Directions for this task: Please restate the entries verbatim. The copy should hold no pictures.

Record set:
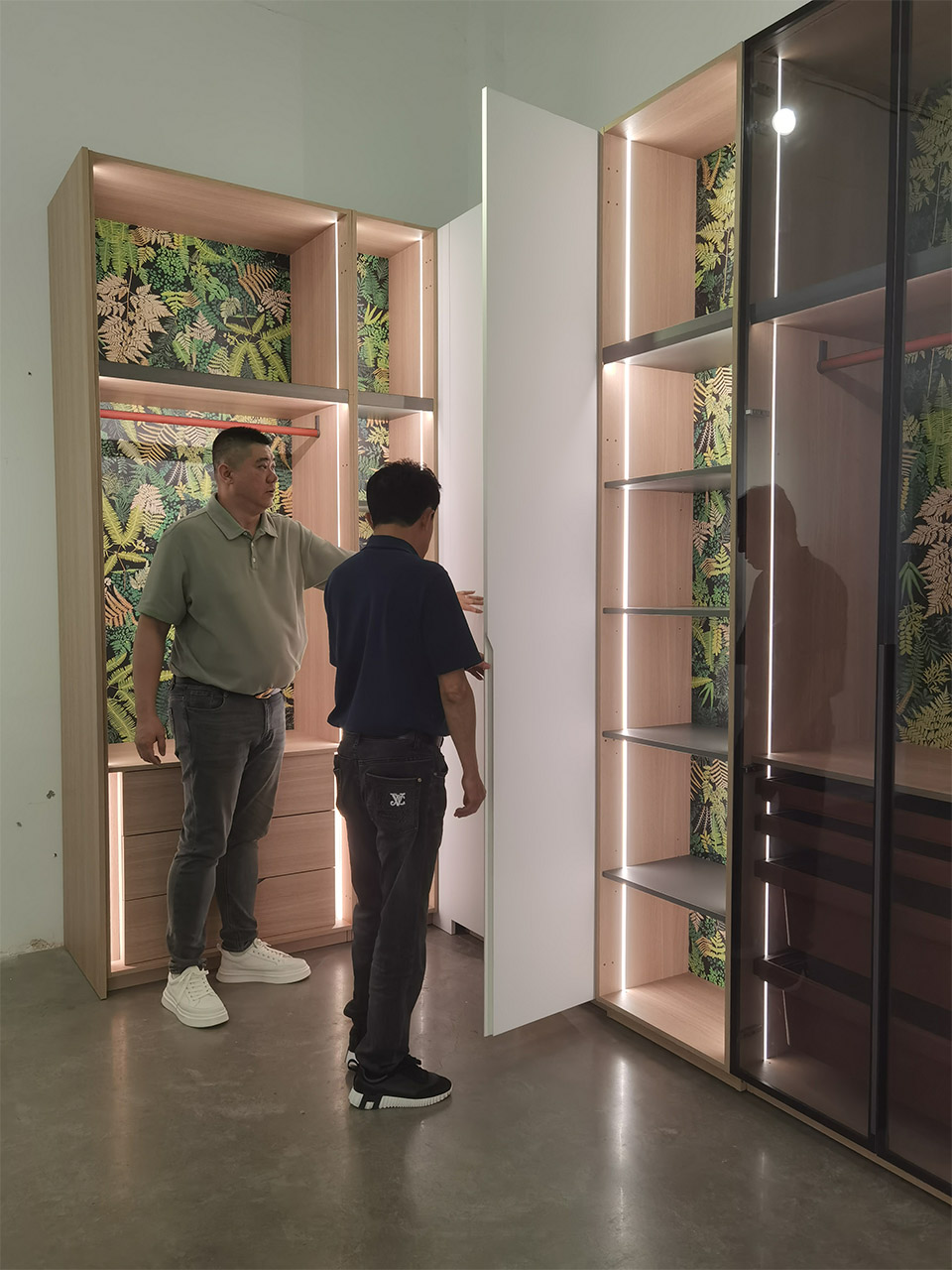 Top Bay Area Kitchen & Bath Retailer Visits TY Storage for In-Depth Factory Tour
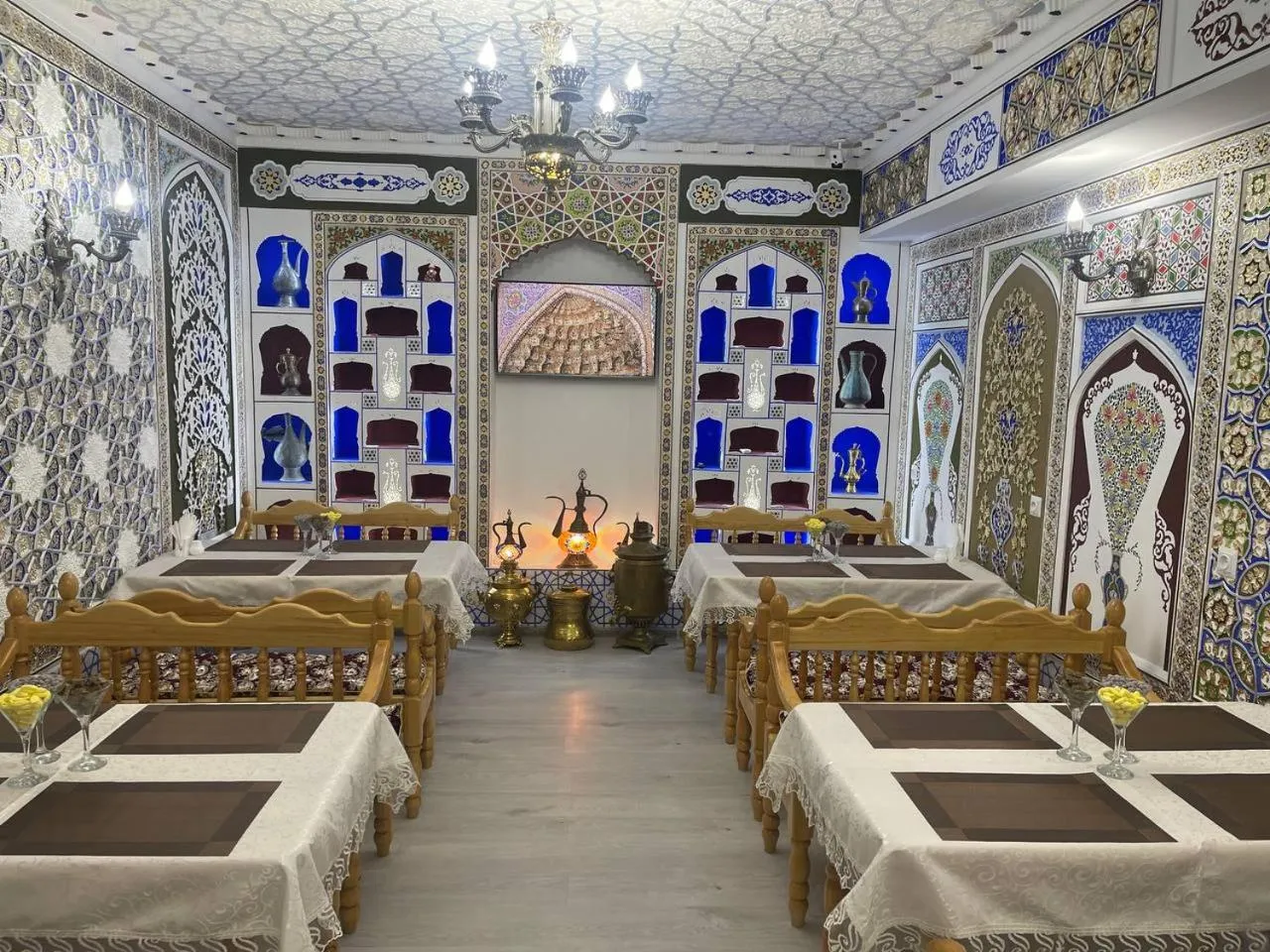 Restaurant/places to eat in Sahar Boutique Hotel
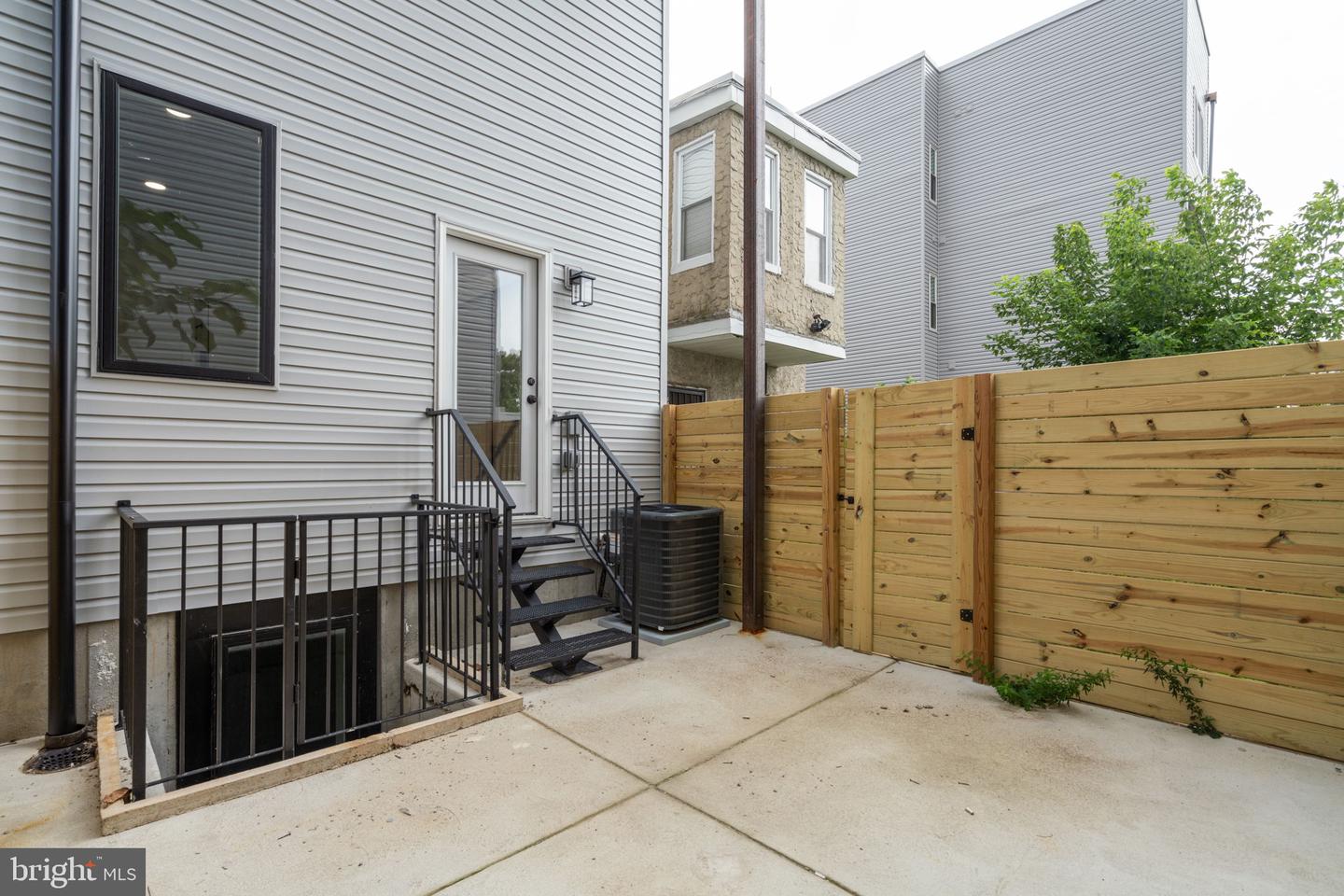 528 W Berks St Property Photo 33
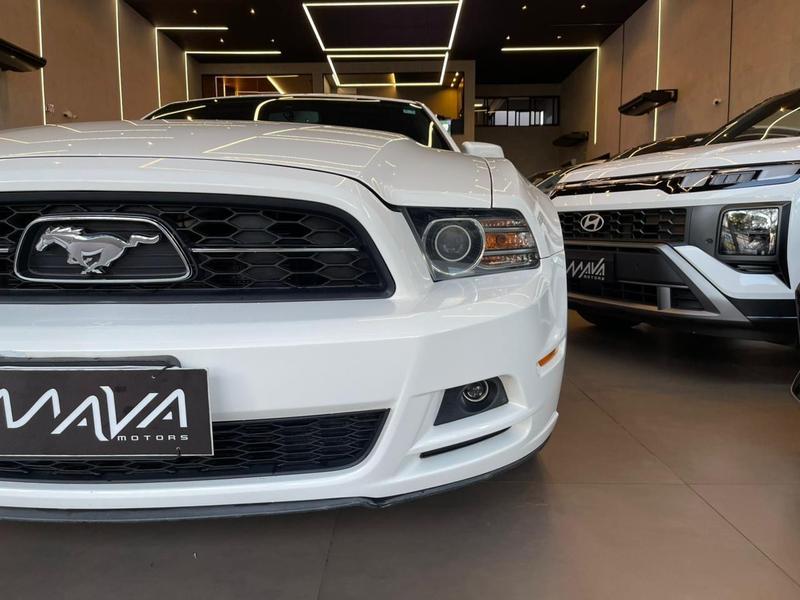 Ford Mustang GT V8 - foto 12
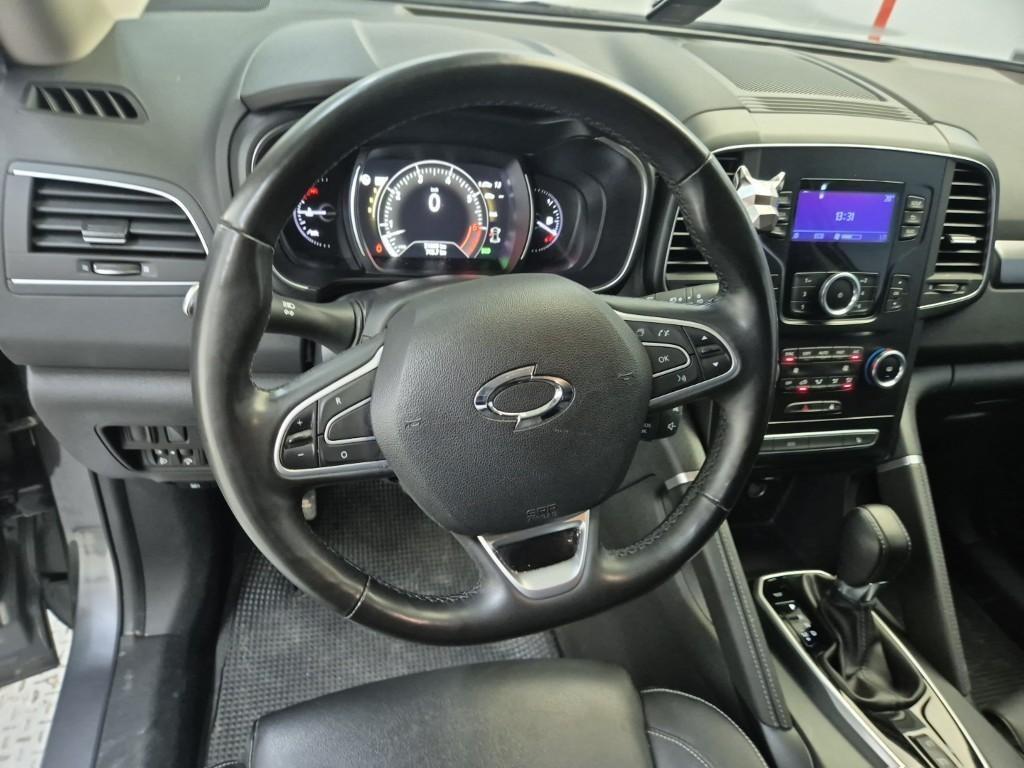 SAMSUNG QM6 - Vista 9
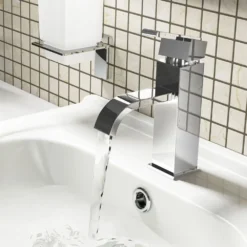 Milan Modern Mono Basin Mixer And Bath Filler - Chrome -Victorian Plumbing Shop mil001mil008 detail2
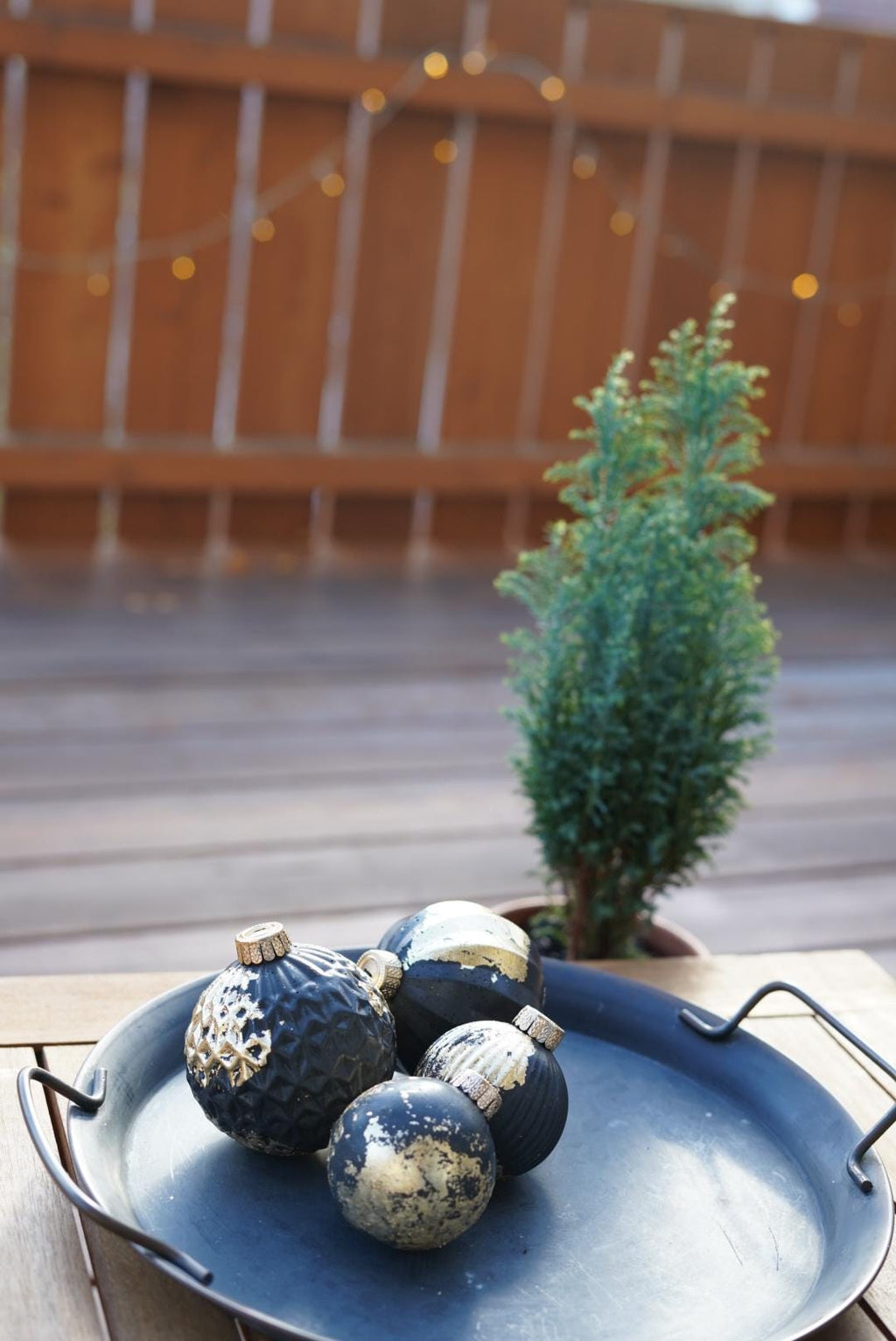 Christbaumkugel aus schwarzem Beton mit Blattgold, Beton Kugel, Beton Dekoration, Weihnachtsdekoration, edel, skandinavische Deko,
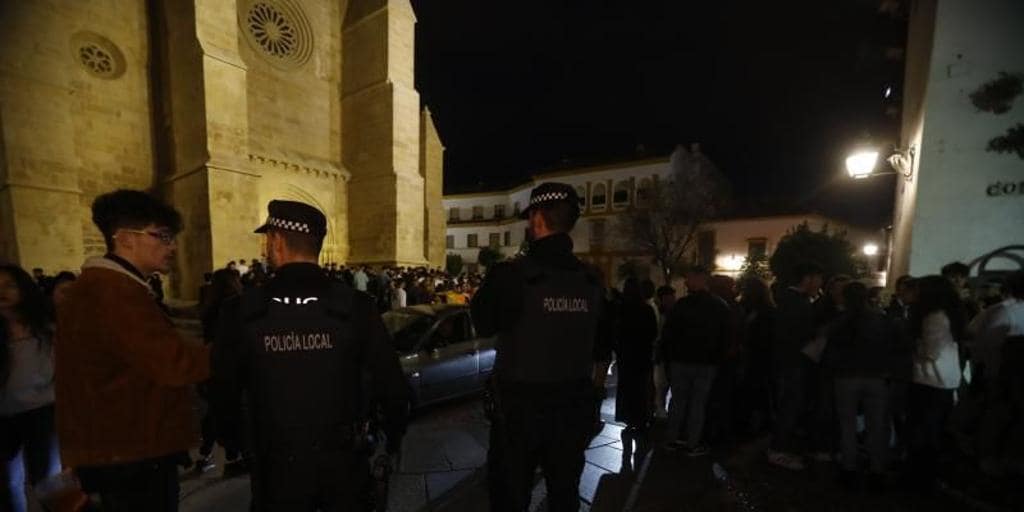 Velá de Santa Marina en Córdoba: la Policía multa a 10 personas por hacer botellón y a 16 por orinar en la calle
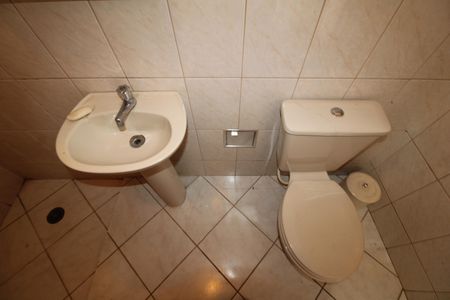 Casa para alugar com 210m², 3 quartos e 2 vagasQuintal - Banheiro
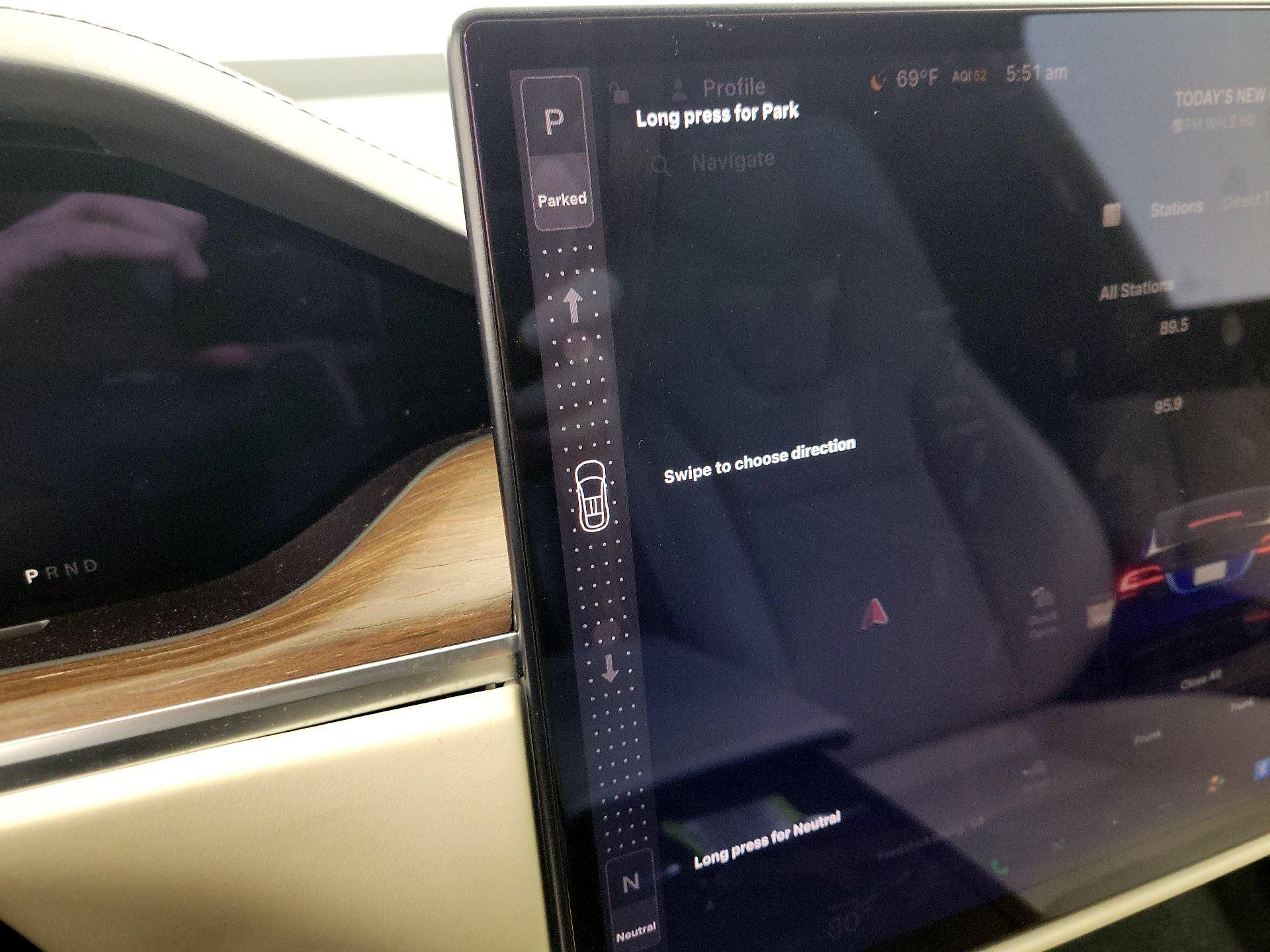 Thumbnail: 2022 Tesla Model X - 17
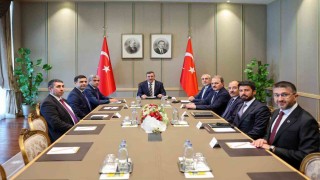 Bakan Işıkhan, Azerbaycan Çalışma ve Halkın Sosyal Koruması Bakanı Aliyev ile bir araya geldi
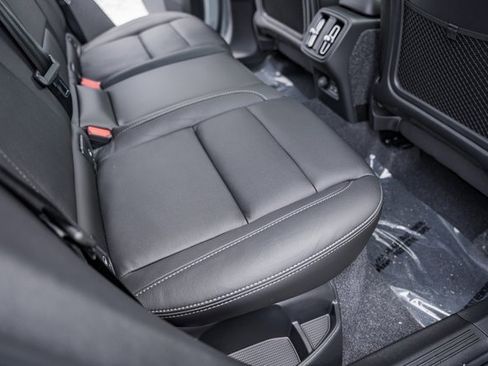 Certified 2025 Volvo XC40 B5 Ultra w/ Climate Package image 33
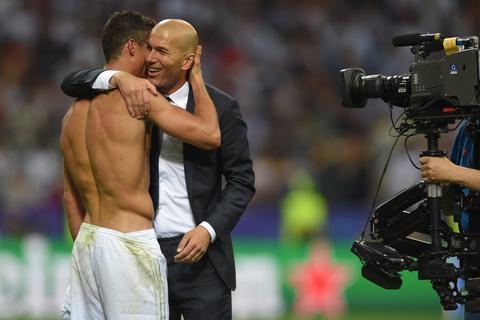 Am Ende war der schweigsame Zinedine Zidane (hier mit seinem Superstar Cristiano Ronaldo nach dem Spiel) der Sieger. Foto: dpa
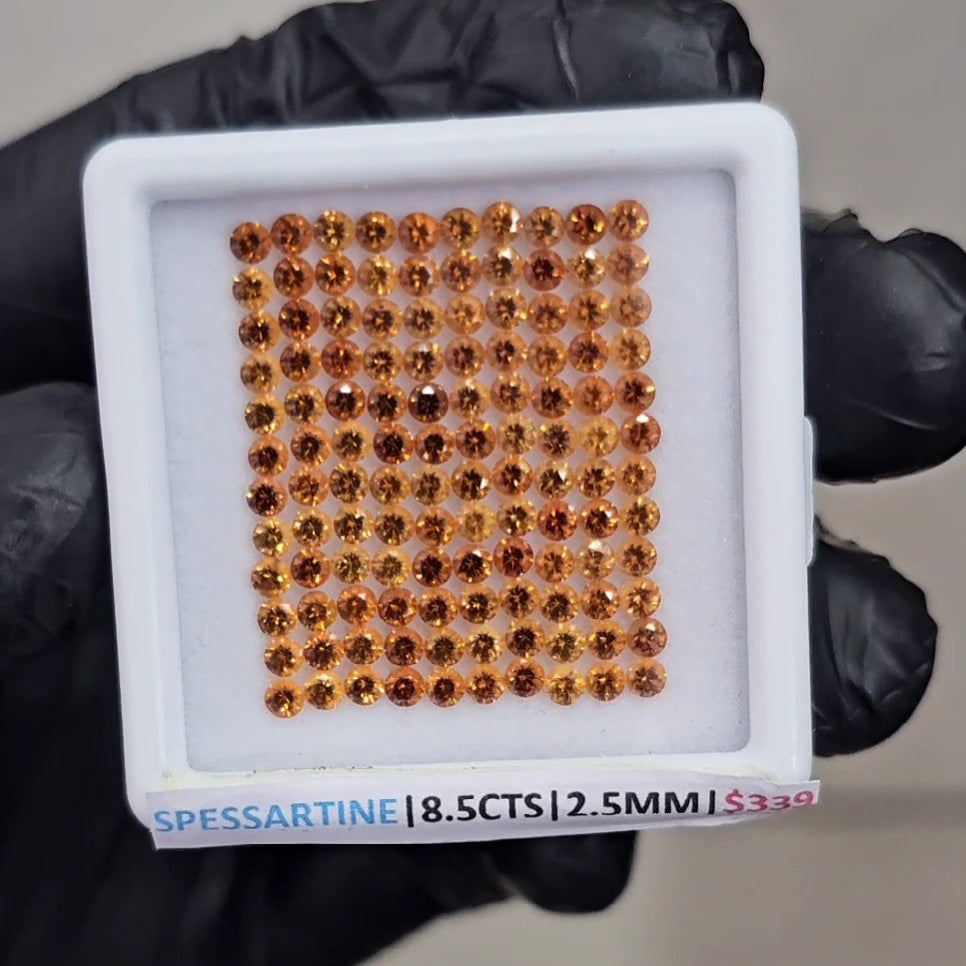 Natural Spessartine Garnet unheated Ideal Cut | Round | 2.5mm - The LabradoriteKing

Answer space:
 Top Bay Area Kitchen & Bath Retailer Visits TY Storage for In-Depth Factory Tour
 Restaurant/places to eat in Sahar Boutique Hotel
 528 W Berks St Property Photo 33
 Ford Mustang GT V8 - foto 12
 SAMSUNG QM6 - Vista 9
 Milan Modern Mono Basin Mixer And Bath Filler - Chrome -Victorian Plumbing Shop mil001mil008 detail2
 Christbaumkugel aus schwarzem Beton mit Blattgold, Beton Kugel, Beton Dekoration, Weihnachtsdekoration, edel, skandinavische Deko,
 Velá de Santa Marina en Córdoba: la Policía multa a 10 personas por hacer botellón y a 16 por orinar en la calle
 Casa para alugar com 210m², 3 quartos e 2 vagasQuintal - Banheiro
 Thumbnail: 2022 Tesla Model X - 17
 Bakan Işıkhan, Azerbaycan Çalışma ve Halkın Sosyal Koruması Bakanı Aliyev ile bir araya geldi
 Certified 2025 Volvo XC40 B5 Ultra w/ Climate Package image 33
 Am Ende war der schweigsame Zinedine Zidane (hier mit seinem Superstar Cristiano Ronaldo nach dem Spiel) der Sieger. Foto: dpa
 Natural Spessartine Garnet unheated Ideal Cut | Round | 2.5mm - The LabradoriteKing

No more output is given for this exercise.